== PROBLEM DESCRIPTION ==
The pictures stay out; all of the data is to be printed exactly.

== MATERIAL PROVIDED ==
================================
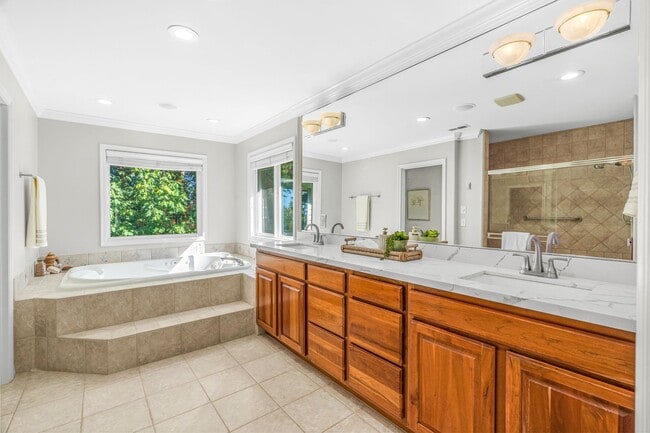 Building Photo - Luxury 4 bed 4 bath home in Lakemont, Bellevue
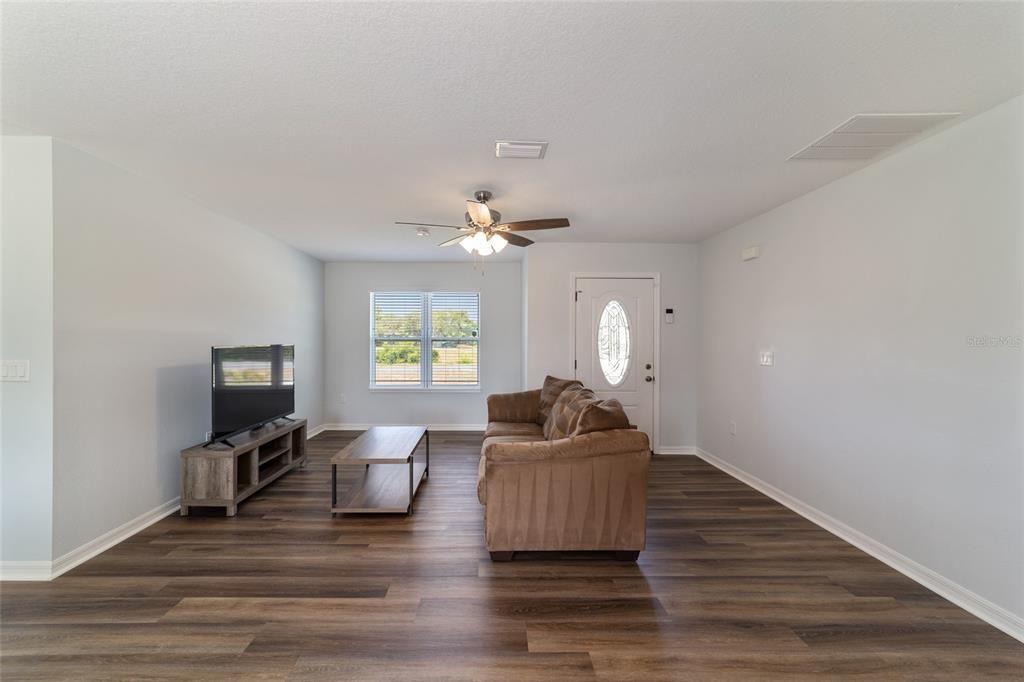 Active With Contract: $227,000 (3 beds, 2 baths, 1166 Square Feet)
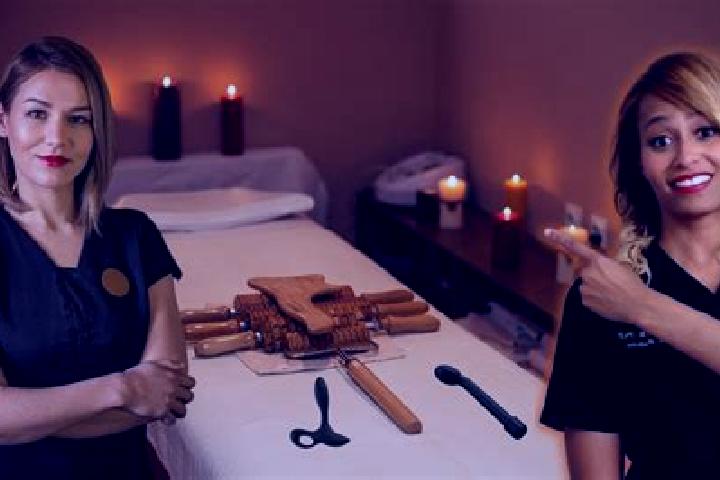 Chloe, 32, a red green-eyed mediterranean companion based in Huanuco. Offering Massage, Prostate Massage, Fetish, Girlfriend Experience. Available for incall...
================================
== YOUR RESPONSE ==
 Building Photo - Luxury 4 bed 4 bath home in Lakemont, Bellevue
 Active With Contract: $227,000 (3 beds, 2 baths, 1166 Square Feet)
 Chloe, 32, a red green-eyed mediterranean companion based in Huanuco. Offering Massage, Prostate Massage, Fetish, Girlfriend Experience. Available for incall...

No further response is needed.